What is required - Exact reproduction of the data is required, with images excluded.

Dataset extract -
######

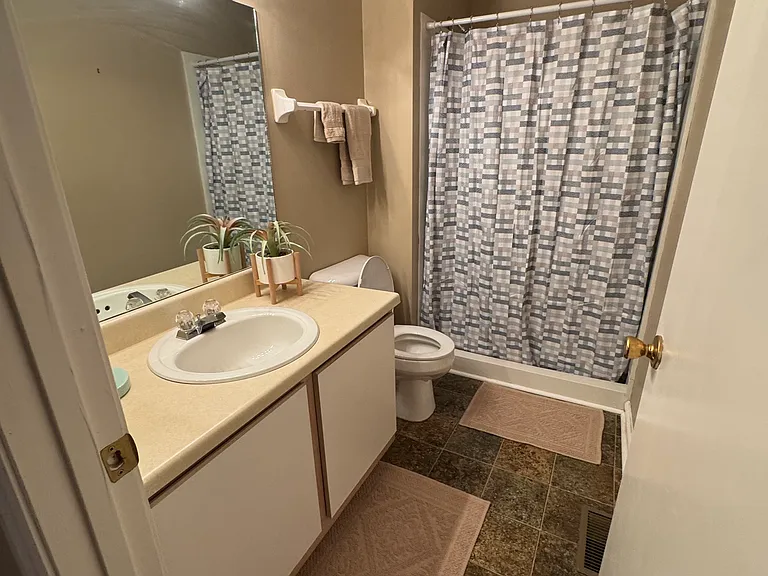 128 Waterview Dr #128 — Photo 7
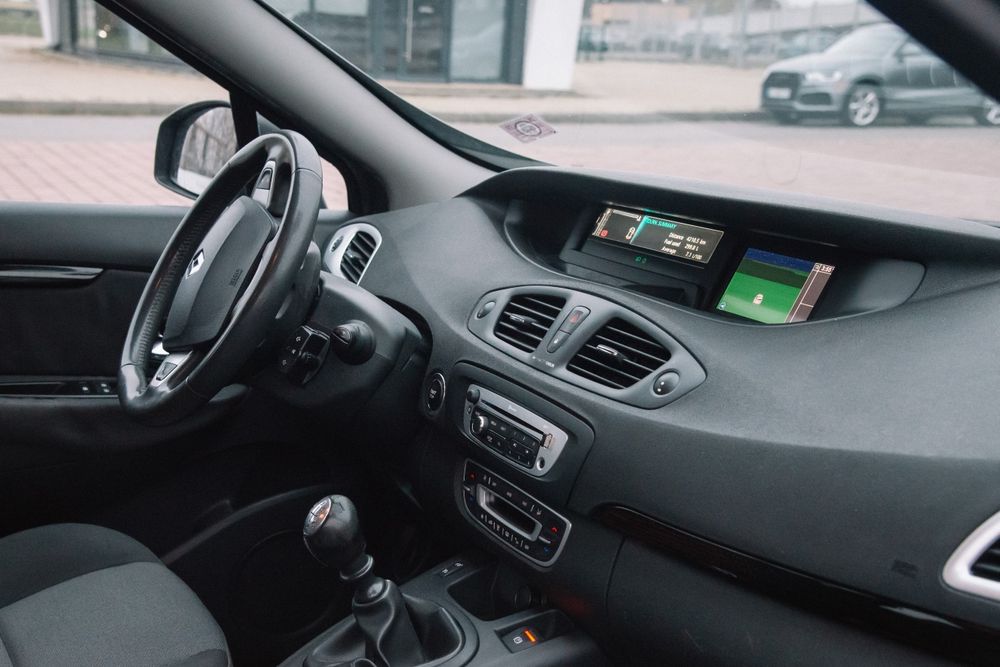 Продам Renault Grand Scenic 2012.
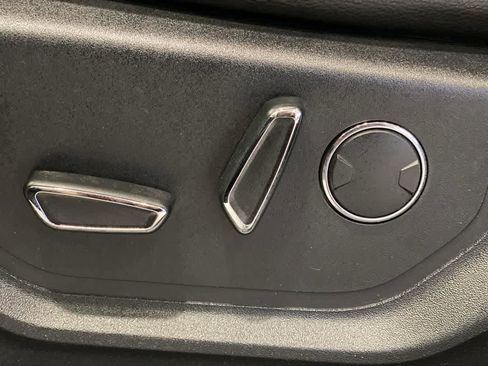 Used 2017 Ford F150 Lariat AWD/4WD image 14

######

Written answer -
 128 Waterview Dr #128 — Photo 7
 Продам Renault Grand Scenic 2012.
 Used 2017 Ford F150 Lariat AWD/4WD image 14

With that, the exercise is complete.